The Devil Is In The Yet-To-Be-Written Details For New Graduation Standards
The writing has been on the wall for the state’s Regents examinations for a couple of years now, so Monday’s release of 12 recommendations by the state’s Blue Ribbon Commission on Graduation Measures shouldn’t come as a surprise to anyone.
But the commission didn’t answer a key question – how, exactly, should the state deem a high school student knows enough to be ready for college or the workforce? Commission members say the move from requiring passing five Regents exams and completing 22 credit hours in high school to the option of Regents exams, capstone projects, performance-based assessments and experiential learning won’t lessen rigor in New York’s educational system.
We say the jury is still out.
Ask any parent struggling through Common Core math with their fourth-grader if prior state Education Department changes have worked out for the better. Better yet, look at the number of children struggling to read after past best practices in education turned out to make it harder to learn to read for many children, prompting schools to move back toward phonics-driven instruction. Parents have a lot of reasons not to trust very much what the state Education Department says.
The devil on the state’s new graduation standards will be in the details – and given that the state Education Department is involved we’re sure there will be hundreds of pages of details full of edu-speak,bureaucratic jargon and assorted gobbledygook that are likely to make the new graduation standards about as clear as mud.
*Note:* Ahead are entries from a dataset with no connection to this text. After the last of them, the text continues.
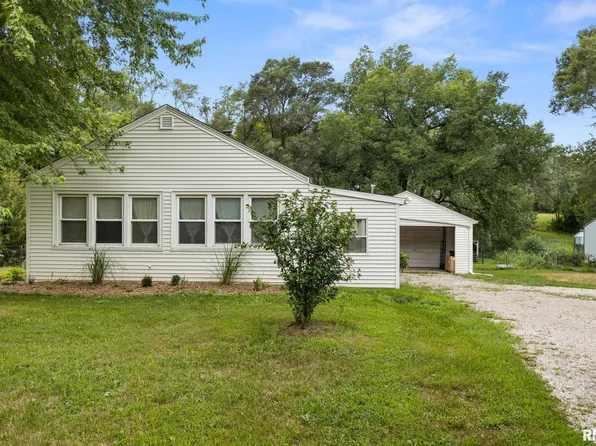1487 Spring Bay Rd, East Peoria, IL 61611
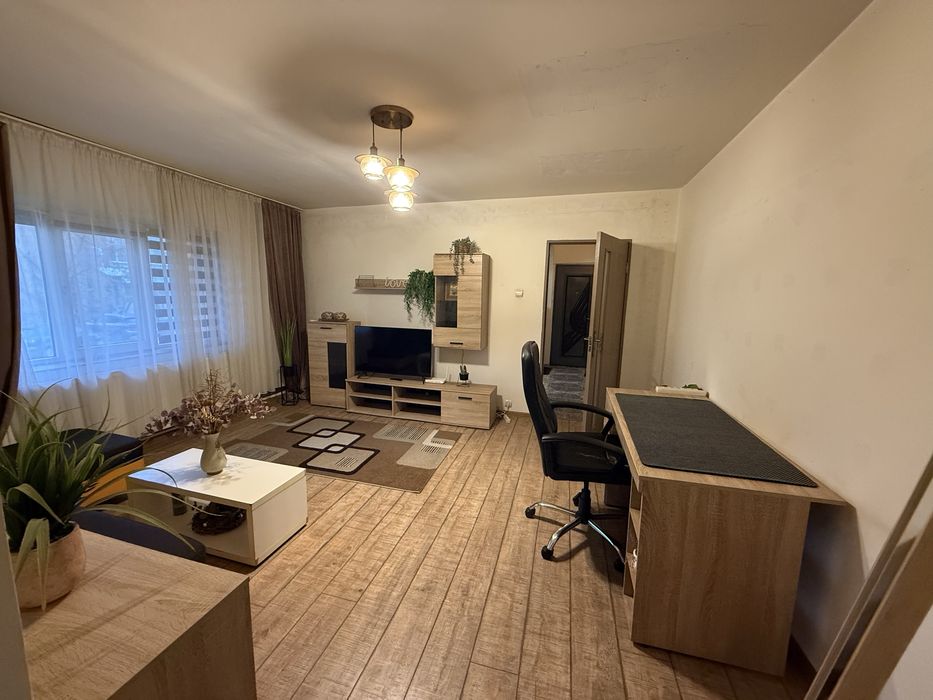 Apartament 2 camere, complet utilat zona Rovine - cazare termen scurt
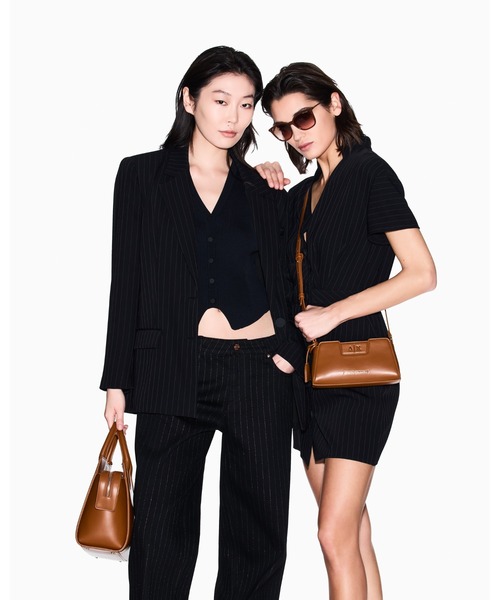 ARMANI EXCHANGE(アルマーニエクスチェンジ)の「【A|X アルマーニ エクスチェンジ】AXメタリックロゴ ノースリーブニットジレ(ベスト・レディース・ブラック・SMALL/MEDIUM/LARGE)」の4枚目の写真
It’s hard to disagree with something commission member Lorna Lewis, Malvern Central Schools superintendent and co-chair of the state Superintendents Association, said during Monday’s Board of Regents meeting.
“As we spoke to industry and our graduates, it became clear to the commission that currently students are not leaving our educational institutions with the life ready skills necessary for successful trajectories,” Lewis said. “Our hope is by adding these components all students will be better prepared for whichever path they choose.”
One would hope that is the case. But Lewis’ statement also begs a question. If the last rewrites of New York’s educational standards didn’t work out, how much faith should New Yorkers have that this effort will be any different?